Validation with Java and XML Schema, Part 1

Learn the value of data validation and why pure Java isn't the complete solution for handling it

As technologies have matured and APIs for Java and other languages have taken more of the burden of low-level coding off your hands (JMS, EJB, and XML are just a few recent examples), business logic has become more important to application coding. With this increase in business logic comes an increase in the specification of data allowed.

Read the whole "Validation with Java and XML Schema" series:

For example, applications no longer just accept orders for shoes; they ensure that the shoe is of a valid size, in stock, and accurately priced. The business rules that must be applied even for a simple shoe store are extremely complex. The user input and the input combination must be validated; those data often result in computed data, which may have to be validated before it is passed on to another application component. With that added complexity, you spend more time writing validation methods. You ensure that a value is a number, a decimal, a dollar amount, that it's not negative, and on, and on, and on.

With servlets and JSP pages sending all submitted parameters as textual values (an array of Java Strings, to be exact), your application must convert to a different data type at every step of user input. That converted data is most likely passed to session beans. The beans can ensure type safety (requiring an int, for example), but not the value range. So validation must occur again. Finally, business logic may need to be applied. (Does Doc Marten make this boot in a size 10?) Only then can computation safely be performed, and results supplied to the user. If you're starting to feel overwhelmed, good! You are starting to see the importance of validation, and why this series might be right for you.

Coarse-grained vs. fine-grained validation

The first step in making your way through the "validation maze" is breaking the validation process into two distinct parts: coarse-grained validation and fine-grained validation. I'll look at both.

Coarse-grained validation is the process of ensuring that data meet the typing criteria for further action. Here, "typing criteria" means basic data constraints such as data type, range, and allowed values. These constraints are independent of other data, and do not require access to business logic. An example of coarse-grained validation is making sure that shoe sizes are positive numbers, smaller than 20, and either whole numbers or half sizes.

Fine-grained validation is the process of applying business logic to values. It typically occurs after coarse-grained validation, and is the final step of preparation, before one either returns results to the user or passes derived values to other application components. An example of fine-grained validation is ensuring that the requested size (already in the correct format because of coarse-grained validation) is valid for the requested brand. V-Form inline skates are only available in whole sizes, so a request for a size 10 1/2 should cause an error. Because that requires interaction with some form of data store and business logic, it is fine-grained validation.
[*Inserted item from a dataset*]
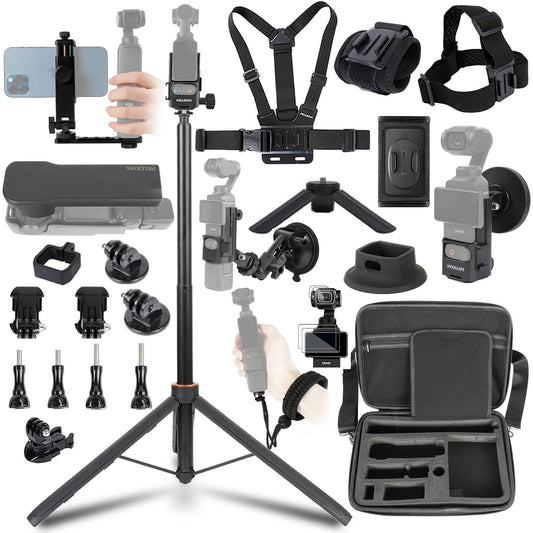 PellKing Accessories Kit for Osmo Pocket 3/Xtra Muse,Included Carrying Case with Belt,135cm Selfie Stick Tripod,Suction Cup,Magnetic Mount,4 Pcs Body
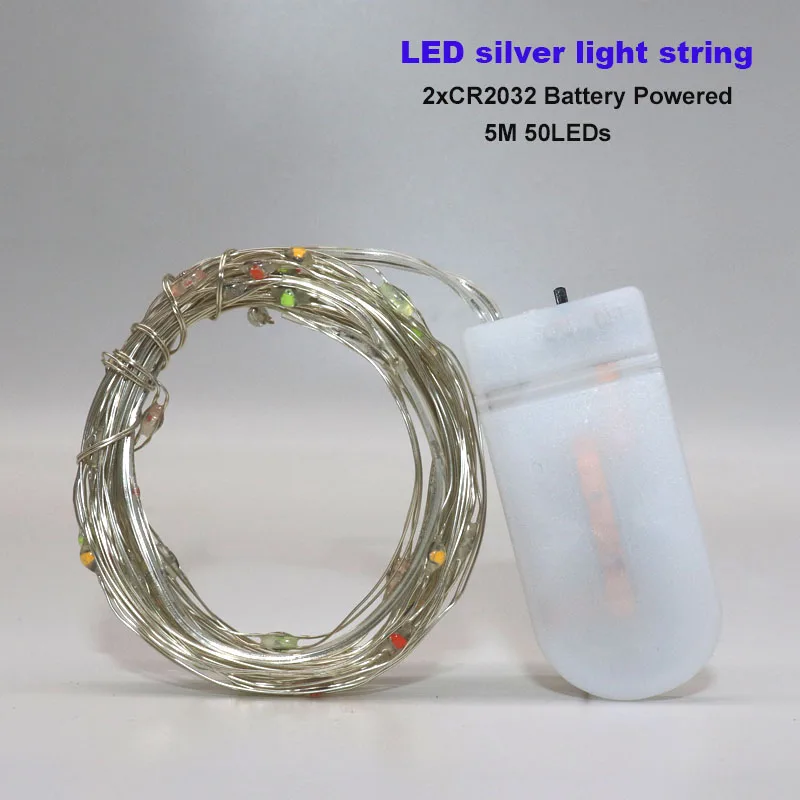 5M 50LEDs 1 м 2 м 3 м 4 м 5 м 10 м медный провод светодиодный гирлянды праздничное освещение сказочная Гирлянда для рождественской елки украшения свадебной вечеринки - Испускаемый цвет: 5M 50LEDs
The fine-grained validation process is always application-specific and is not a reusable component, so it is beyond the scope of this series. However, coarse-grained validation can be utilized in all applications, and involves applying simple rules (data typing, range checking, and so on) to values. In this series, I will examine coarse-grained validation and supply a Java/XML-based solution for handling it.

Data: Ever present, ever problematic

If you're still not convinced of the need for this sort of utility, consider the fact that data has become the commodity in today's global marketplace. It is not applications, not technology, not even people that drive business -- it is raw data. The tasks of selecting a programming language, picking an application server, and building an application are all byproducts of the need to support data. Thus, those decisions may all later be revisited and changed. (Ever had to migrate from SAP or dBase to Oracle? Ever switched from NetDynamics to Lutris Enhydra?)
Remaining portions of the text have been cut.